[Web page caption snippets]
--- --- ---
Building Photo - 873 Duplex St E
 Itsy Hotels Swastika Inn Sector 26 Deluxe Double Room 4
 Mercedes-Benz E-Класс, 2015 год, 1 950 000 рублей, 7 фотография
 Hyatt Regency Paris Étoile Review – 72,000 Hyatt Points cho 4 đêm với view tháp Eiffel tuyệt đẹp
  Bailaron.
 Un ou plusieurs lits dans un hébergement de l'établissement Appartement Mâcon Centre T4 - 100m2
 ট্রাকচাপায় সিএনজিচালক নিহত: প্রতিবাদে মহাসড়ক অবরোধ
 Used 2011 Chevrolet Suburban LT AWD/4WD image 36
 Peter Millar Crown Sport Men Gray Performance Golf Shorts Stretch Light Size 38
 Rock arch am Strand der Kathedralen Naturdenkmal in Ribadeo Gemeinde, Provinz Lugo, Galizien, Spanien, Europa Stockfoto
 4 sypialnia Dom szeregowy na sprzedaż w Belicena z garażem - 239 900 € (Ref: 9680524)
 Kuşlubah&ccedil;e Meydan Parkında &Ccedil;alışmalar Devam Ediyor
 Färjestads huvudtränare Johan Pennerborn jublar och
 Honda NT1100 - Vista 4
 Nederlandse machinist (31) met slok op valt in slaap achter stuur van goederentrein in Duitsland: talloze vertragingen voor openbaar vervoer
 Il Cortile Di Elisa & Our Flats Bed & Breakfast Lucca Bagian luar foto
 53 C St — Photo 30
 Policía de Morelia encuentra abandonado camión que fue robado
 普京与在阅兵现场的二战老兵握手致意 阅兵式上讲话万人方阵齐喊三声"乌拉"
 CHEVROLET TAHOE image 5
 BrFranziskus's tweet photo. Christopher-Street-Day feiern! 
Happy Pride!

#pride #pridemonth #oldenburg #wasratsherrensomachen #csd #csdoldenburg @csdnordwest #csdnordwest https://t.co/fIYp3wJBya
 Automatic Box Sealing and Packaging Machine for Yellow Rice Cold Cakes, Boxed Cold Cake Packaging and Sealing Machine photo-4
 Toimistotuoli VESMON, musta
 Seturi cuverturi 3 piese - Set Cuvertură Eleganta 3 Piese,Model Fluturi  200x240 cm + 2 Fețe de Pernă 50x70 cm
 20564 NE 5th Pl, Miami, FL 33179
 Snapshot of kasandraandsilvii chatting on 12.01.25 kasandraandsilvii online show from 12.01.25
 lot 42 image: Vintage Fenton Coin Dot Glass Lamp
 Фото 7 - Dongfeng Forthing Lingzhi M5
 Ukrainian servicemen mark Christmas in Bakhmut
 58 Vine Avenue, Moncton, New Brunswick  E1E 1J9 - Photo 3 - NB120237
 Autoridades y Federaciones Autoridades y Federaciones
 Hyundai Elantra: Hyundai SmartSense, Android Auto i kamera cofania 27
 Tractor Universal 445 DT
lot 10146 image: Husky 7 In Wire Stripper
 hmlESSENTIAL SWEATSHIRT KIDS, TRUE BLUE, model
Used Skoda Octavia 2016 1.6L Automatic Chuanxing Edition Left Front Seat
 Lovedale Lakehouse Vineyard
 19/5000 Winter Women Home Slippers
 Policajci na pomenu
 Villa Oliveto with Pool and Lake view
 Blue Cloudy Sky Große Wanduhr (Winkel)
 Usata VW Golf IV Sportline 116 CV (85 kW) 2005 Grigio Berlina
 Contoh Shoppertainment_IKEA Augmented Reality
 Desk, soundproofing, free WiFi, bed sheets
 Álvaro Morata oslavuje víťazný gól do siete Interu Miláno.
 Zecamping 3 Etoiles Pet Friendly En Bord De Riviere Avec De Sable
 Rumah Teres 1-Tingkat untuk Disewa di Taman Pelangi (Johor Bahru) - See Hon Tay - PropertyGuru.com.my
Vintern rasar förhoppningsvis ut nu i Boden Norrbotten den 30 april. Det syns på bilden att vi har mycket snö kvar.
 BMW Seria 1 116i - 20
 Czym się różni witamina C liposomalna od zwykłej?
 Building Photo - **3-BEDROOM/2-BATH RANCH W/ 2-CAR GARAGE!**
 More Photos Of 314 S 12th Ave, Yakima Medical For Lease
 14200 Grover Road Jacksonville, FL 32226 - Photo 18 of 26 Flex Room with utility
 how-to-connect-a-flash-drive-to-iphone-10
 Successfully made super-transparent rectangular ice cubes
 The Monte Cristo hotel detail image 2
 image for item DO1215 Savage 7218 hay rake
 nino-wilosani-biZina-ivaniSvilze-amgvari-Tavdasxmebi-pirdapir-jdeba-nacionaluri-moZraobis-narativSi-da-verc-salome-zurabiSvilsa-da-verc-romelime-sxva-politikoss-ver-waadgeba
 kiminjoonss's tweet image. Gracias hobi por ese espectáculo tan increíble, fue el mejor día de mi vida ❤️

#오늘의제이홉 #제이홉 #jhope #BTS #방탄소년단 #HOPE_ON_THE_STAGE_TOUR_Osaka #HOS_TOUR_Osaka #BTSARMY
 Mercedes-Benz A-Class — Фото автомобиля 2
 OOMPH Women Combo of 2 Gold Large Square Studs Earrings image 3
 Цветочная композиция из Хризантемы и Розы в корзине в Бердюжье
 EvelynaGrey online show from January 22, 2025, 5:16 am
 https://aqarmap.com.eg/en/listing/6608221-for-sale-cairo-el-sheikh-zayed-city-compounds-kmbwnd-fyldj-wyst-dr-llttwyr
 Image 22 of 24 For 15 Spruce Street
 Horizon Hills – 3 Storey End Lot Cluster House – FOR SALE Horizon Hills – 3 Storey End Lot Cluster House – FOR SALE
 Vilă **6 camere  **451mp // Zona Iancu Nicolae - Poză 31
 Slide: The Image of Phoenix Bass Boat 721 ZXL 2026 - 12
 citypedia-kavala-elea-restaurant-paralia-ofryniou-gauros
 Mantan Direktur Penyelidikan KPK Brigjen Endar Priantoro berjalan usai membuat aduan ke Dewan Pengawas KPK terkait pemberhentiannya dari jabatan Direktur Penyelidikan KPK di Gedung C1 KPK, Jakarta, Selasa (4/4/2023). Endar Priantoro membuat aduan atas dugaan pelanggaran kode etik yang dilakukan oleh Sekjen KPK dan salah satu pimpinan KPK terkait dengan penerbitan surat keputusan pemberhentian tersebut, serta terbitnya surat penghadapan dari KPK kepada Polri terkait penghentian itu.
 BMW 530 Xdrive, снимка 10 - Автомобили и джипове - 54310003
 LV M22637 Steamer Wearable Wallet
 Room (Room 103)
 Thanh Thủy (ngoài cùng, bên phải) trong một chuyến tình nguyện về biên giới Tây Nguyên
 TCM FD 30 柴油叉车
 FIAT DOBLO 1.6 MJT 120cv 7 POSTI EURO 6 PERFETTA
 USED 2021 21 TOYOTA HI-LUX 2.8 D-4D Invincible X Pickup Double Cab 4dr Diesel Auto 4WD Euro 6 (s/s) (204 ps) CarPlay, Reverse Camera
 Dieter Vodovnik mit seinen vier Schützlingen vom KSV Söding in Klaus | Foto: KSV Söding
--- --- ---
What you are asked to do:
The lines sought are those in the data above that include the string "Benz"; copy each one.

Exercise answer:
 Mercedes-Benz E-Класс, 2015 год, 1 950 000 рублей, 7 фотография
 Mercedes-Benz A-Class — Фото автомобиля 2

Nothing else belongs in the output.